This response submitted by mike d on 7/7/06 at 1:44 PM. ( ) 66.191.21.142

just be sure to use a good degreaser in your soak; be sure to fit the head to the form before you mount the skin!
Makes finishing a lot easier!


Tips on coldwater vs. warmwater

This response submitted by Cecil 64.184.41.234 on 7/8/06 at 8:04 AM. ( jjbaird@ligtel.com ) 64.184.41.17

And be aware this is my opinion and take on them. Some may disagree.

1.) Cast head only due to grease bleeding and to much time involved in building back up the real head IMHO. Best commerical heads in my opinion if you don't cast your own is Caribou Supply. IMHO casting your own head is not cost effective for commerical work.

2.) Degreasing a must as Mike D. said. Yeah I know Dan Rinehart says it's not necessary but I respectfully disagree. I soak the cleaned skin mineral spirts overnight, then wash in a sudzy Dawn solution for about 20 minutes and rinse. Next soak preservative of your choice. I prefer borax and lysol. If it's one of those silver chromish summer Great Lakes fish I only soak for a an hour or so and freeze the skin until I am ready to mount.

3.) As Mike D. said don't carve your body until you have the artifical head on hand. Sometimes you can't get a perfect match and you want to adjust the carved body to the head on hand.

4.) Most likely you will have to carve a body. There are some forms available and you could get lucky but for the most part salmonids vary so much you will have to carve. If you aren't good at carving yet get started praticing. It can be learned! Some are intimidated by it but it does get easier the more you do it.

5.) Make sure you skin is 100 percent clean with no connective tissue on the inside that can ball up and creat bumps under the skin. Also your form needs to be as smooth as a baby's butt as the skin on salmonids is thinner due to smaller scales. (Some of the smaller trout and char have thin enough skin to see through.) However it is fairly strong and shouldn't be a problem as long as you're careful.

5.) Don't use too much glue as this can create depressions or unseen air bubbles. But you must use glue! I use latex caulking in a tube from wallmart. It's the one that is about a dollar a tube. Make sure you push all the air bubbles out from under the skin and keep coming back to the skin for an hour or so to make sure everything is fine.
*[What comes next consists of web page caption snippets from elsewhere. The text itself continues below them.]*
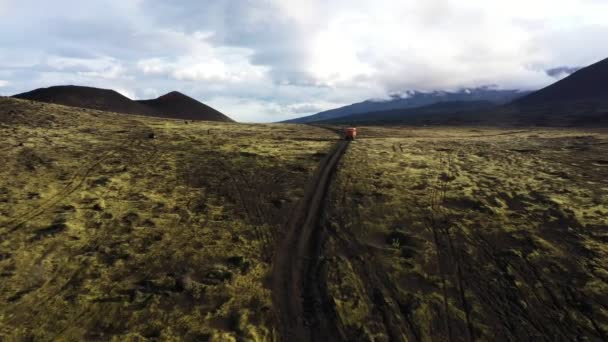 Tüm Arazi Araçları Sarı Yosunlarla Kaplı Siyah Lav Tarlasından Geçiyor — Stok video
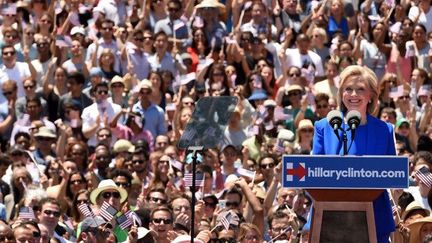 13 juin 2015. L'ancienne secrétaire d'Etat Hillary Clinton a lancé sa campagne pour l'investiture démocrate à la présidentielle de 2016 sur l'île Roosevelt, à New York. 
 (TIMOTHY A. CLARY / AFP)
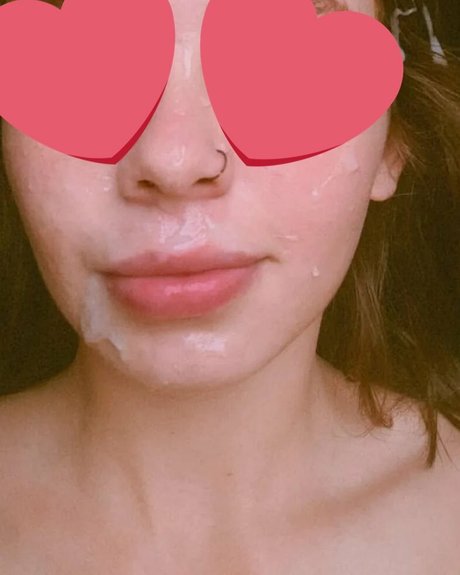 Nacktes geleaktes OnlyFans-Foto von Ashley Hotwife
I use my wetted hands to feel for and push out airbubbles. Instead of sewing the back seam I use dress maker pins. Sewing is a pain to me and puts too much stress on the skin IMHO.

6.) Use sufficent apoxie sculpt on your outside seam where the head meets the form. (After the skin is totally dry) If it's too thin it could crack later. Overlap it onto your trout skin. After the Apoxie sets up sand it with med find sandpaper and then fine sandpaper. If you need to apply another coat and sand again. You want a smooth natural head to body junction. I bond the head itself to the carved body with bondo. I used to use expandable foam but that can expand if your fish is exposed to warm temps and cause the seam between the head and form to crack. It can also be a pain for a beginner to judge how much expandable foam to use. Too little and you get a poor bond, too much and you have a mess and it could force your head away from the body. I drill temporary holes in the head to push in T or an upholstery pin to hold the head in place temporarily. I also like to heat the head in a microwave to shape it to have the gill covers down snug to the form and skin if necessary. Once heated, in place, and the way I want it I wrap duct tape around it to hold it in postion until the head cools.
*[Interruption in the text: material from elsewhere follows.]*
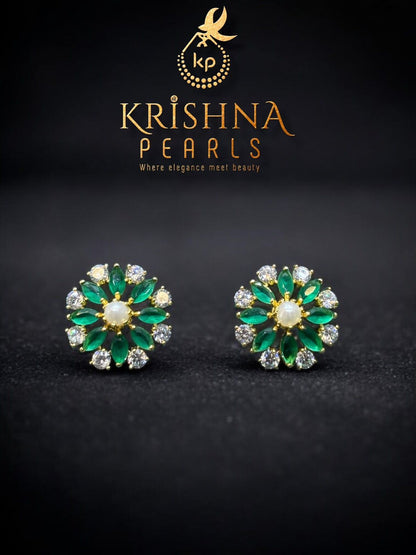 Beautiful Emerald Pendent  Pearls Three Line Choker Set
7.) On larger salmonids you may want to clamp your caudal fin flat with thin boards and 'c' clamps after the tail had superficially dried out. The larger tails have a tendency to warp. I would also suggest using a good amount of apoxie sculpt or some other type of epoxy on these large fish to make a strong bridge between the caudal fin and body to prevent future warping.


8.) Before skinning out bright silver chromish summer Great Lakes salmonids salt the show side heavily and let it set for about 20 minutes. This will help hold the scales in. Once you are ready to scrape the inside of the skin rinse the salt off. I use a scalpel with a fresh blade for scraping on these delicate fish to prevent excessive stress on the scaled side.


hurrah cecil!

This response submitted by mark on 7/8/06 at 8:37 AM. ( ) 68.248.119.3

That was a great post. (Never thought I would say that to Cecil!)


Thanks Cecil

This response submitted by dave h on 7/10/06 at 12:27 PM. ( daveh@whirlawaycorporation.com ) 68.249.226.167

That was awesome advice Cecil. I have 2 of them to do that I have been putting off, These were caught in the Vermilion river in Ohio this spring. My son and a friend of mine. Thanks again, I'll let you know the outc ome.